Materyalizm sonrası bilim tasavvurunda nedenselliğe atıf daha azdır ve bu da kuantum fiziğiyle uyumludur. Bilinç, sezgi, düşünce ve duygular insanın hür iradesinin kontrolünde kabul edilir. İki ayrı bakış, iki ayrı tasavvur, iki ayrı dünya. Buradan psikoterapiye dair bazı düşüncelere yol alabiliriz. Değer bağımsız nötr bir bilim olma iddialarına karşın bütün psikoterapi biçimleri değerler üzerine şekillenir ve bu değerler, bir anlamda, kanıtlanamaz. Sözgelimi, insan doğası iyi midir kötü müdür? Hür irademiz var mıdır, yoksa iç ve dış etmenler tarafından mı biçimleniriz? ‘İyi hayat’ı nasıl tanımlarız? Psikoterapi fikriyatı da içinde bulunduğu çağ ve kültürün bazı değerlerini aksettirir, onları yansıtır. Dolayısıyla ruh sağlığı alanında değer bağımsızlık iddiası, bugün bilim felsefesinin de dile getirdiği gibi, içi boş bir iddiadır. Değer bağımsız, nötr görünen bir terapist bazen tahripkâr sosyal çevrenin amaçlarına hizmet eder sözgelimi. Arjantin’de cunta insanları katlederken sessizliğe bürünen psikanaliz cemiyetinin yaptığı gibi.
Modern çağda insan ruhunun çoraklaştığını, insanın anlam arayışına bütüncül bir cevap sunamayan psikoloji ve psikoterapi öğretilerinin ruhun sızısına merhem olamadığını görüyoruz. İnsan ebediyeti arıyor ve ötelerin sesini duymak istiyor. Varoluşu sadece yatay bir düzlemde tanımlayan öğretiler, homo religioso’nun aşkınlığa susamışlığını, içinin seslerini kâinatın ahenk ve ritmine ayarlama isteğini görmezden geliyor. İnsanın anlam arayışına kapılarını kapatan ruhsal doktrinler, tedavi etmeye çalıştıkları hastalık ve çatışmaları çoğaltmaktan öte bir işlev görmeyen ‘konformist psikolojiler’e dönüşüyor.
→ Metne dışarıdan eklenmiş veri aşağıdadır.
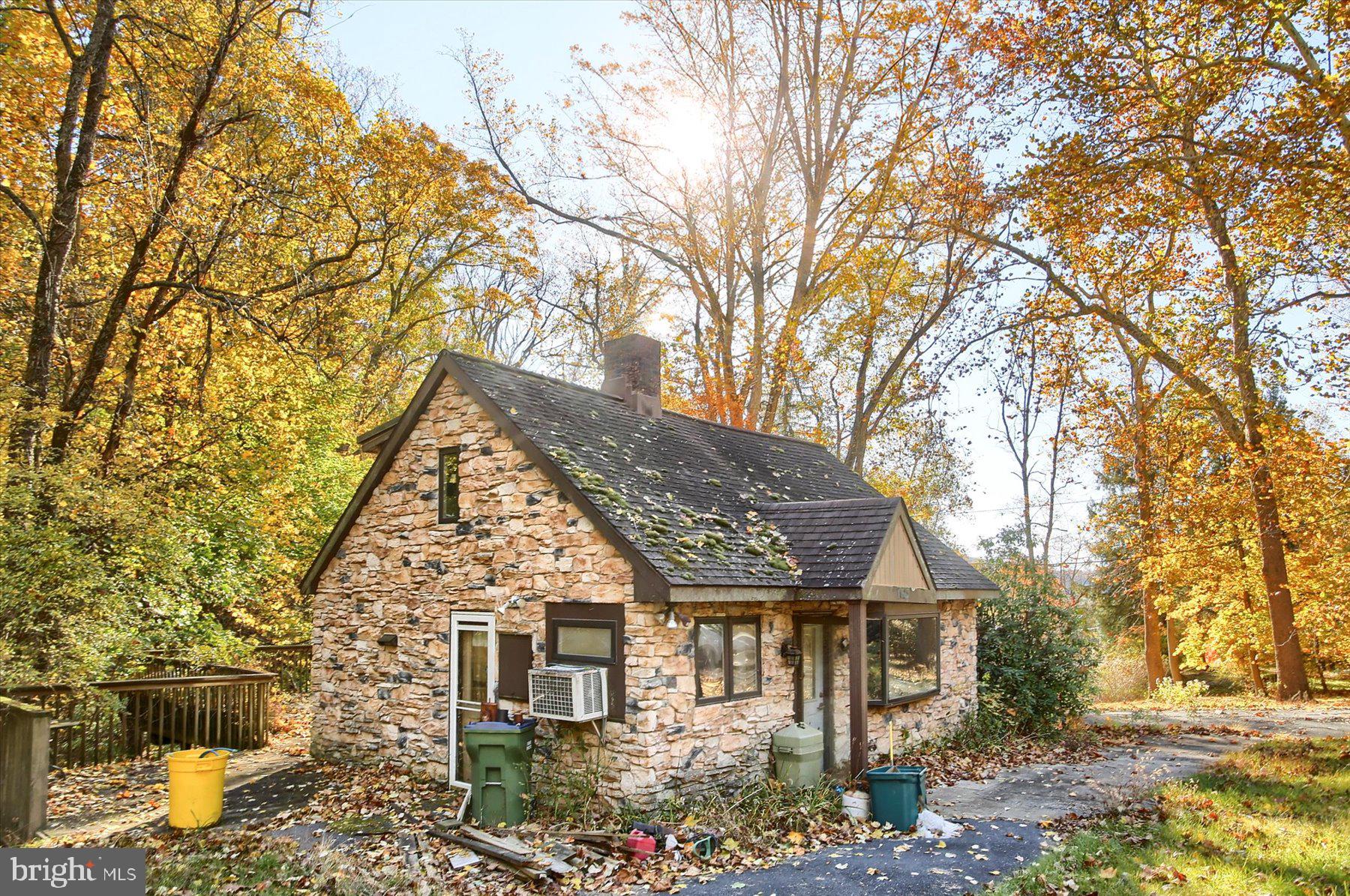 1025 Roberts Valley Road Harrisburg, PA 17110 - Photo 5 of 38 front view of a house with a trees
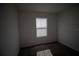 Simple bedroom with window and carpet flooring at 1053 Waterfall Blvd, Davenport, FL 33837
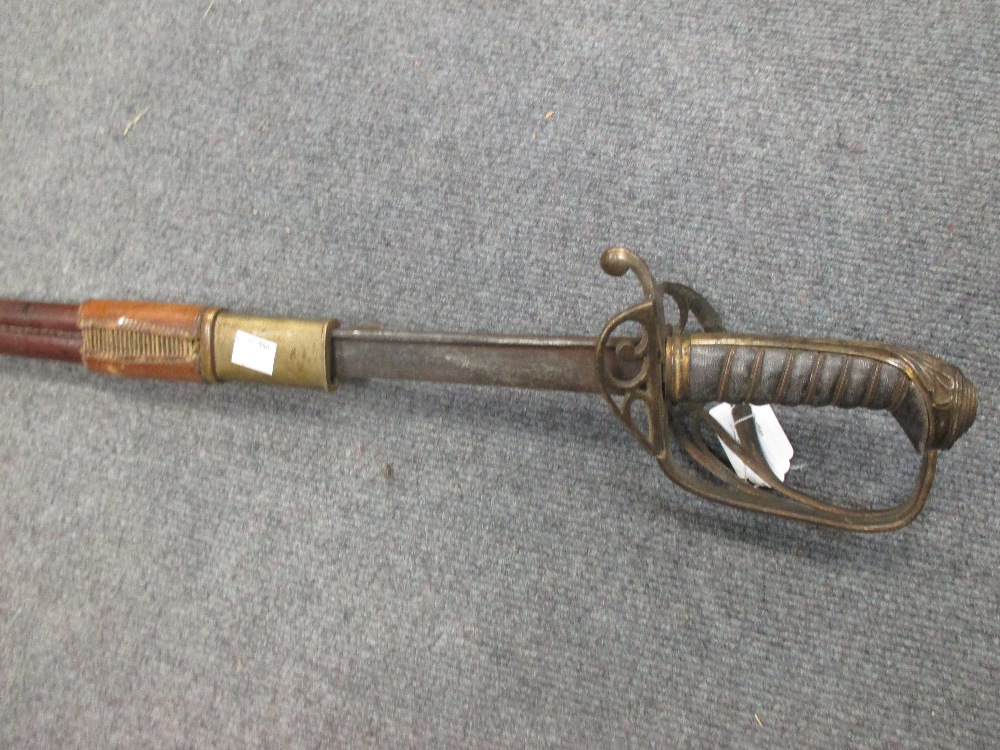 A British 1796 pattern Infantry Officer's Sword, with fold down guard, in associated scabbard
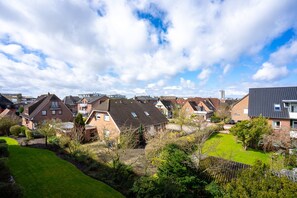 Ein Wohngebiet mit Häusern, grünen Rasenflächen und blauem Himmel.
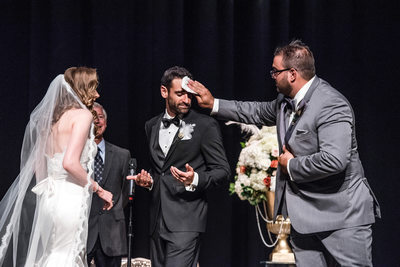 Wiping Sweat for Groom's Forehead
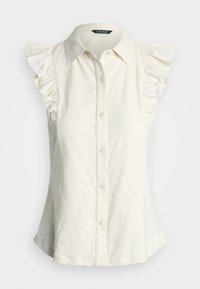 Blouse sans manches en crème, présentant des épaules volantes, un devant à boutons, un col pointu et une coupe décontractée. Tissu lisse et léger.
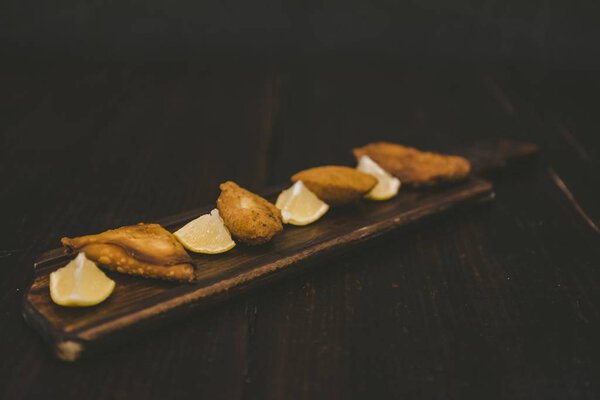 High angle shot of fried food near lemon sliced on a wooden surface — Stock Photo, Image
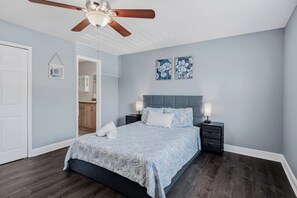 Ein Schlafzimmer mit einem Bett, Nachttischen, einem Deckenventilator und Kunstwerken an der Wand.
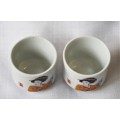An awesome pair of ceramic rice wine cups, with an image of a woman on them. Lifespace Sale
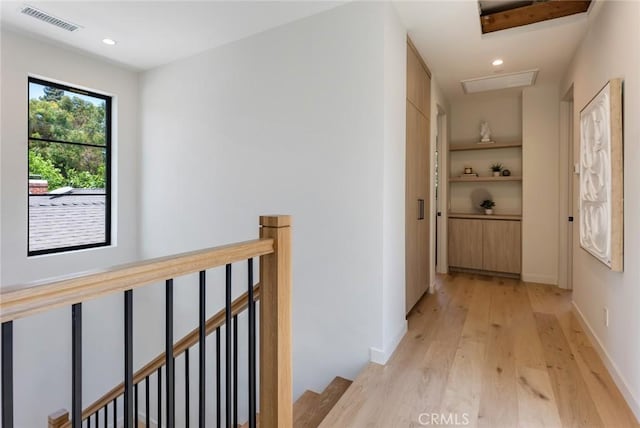 corridor featuring light hardwood / wood-style floors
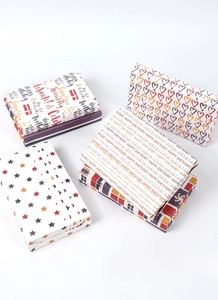 Detailed view of colorful heart and star pattern gift wrapping paper for birthday boxes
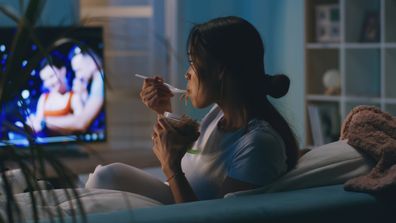 Asian woman eating takeaway noodles and watching TV while sitting on couch and having dinner in evening at home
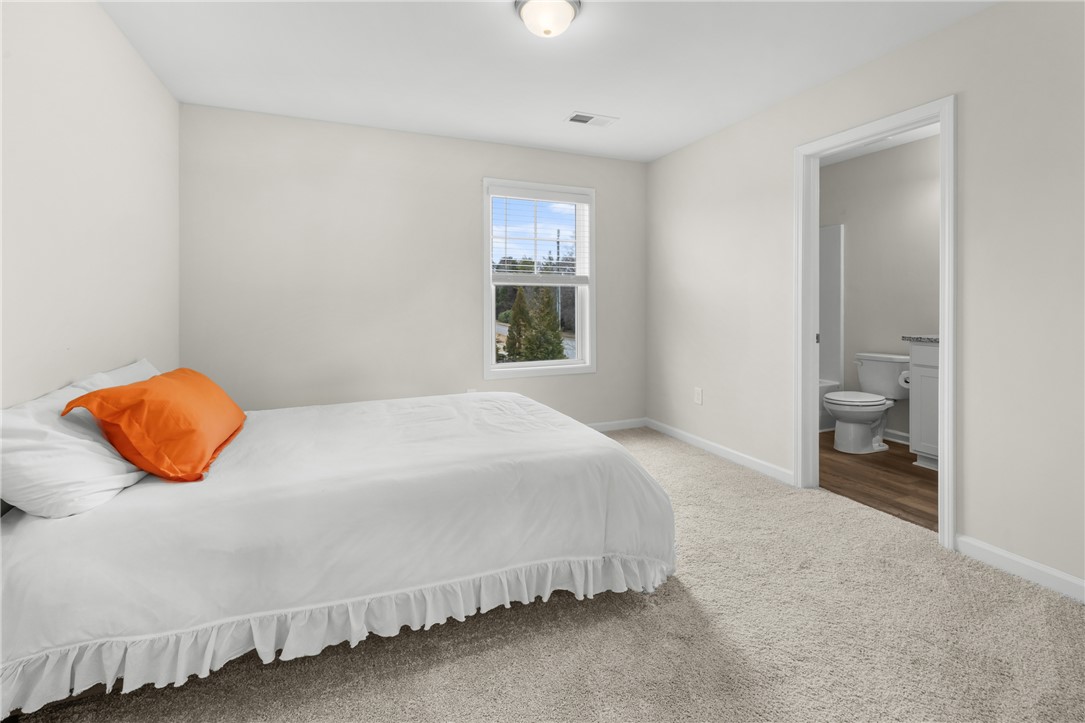 235 Pendleton Road, Unit Q1 Clemson, SC 29631 - Photo 19 of 30 This bright and airy bedroom features soft carpeting and convenient access to a private bathroom.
Çağdaş psikoloji ve psikoterapi akımlarının insanın dünyadaki serüvenine hayırhah bir açılım getirebilmeleri, Batı ve birey merkezci, maddeci yönelimlerinden arınabilmeleriyle mümkün. Başka bilme biçimlerine saygı göstermek gerekiyor. Psikoloji ve psikoterapi, anlamak için sevmenin ön koşul sayıldığı manevi disiplinlere açık olmakladır ki, bütün insan ruhunun susuzluğunu giderebilir. Bilmek için kimileyin sevmek gerekir.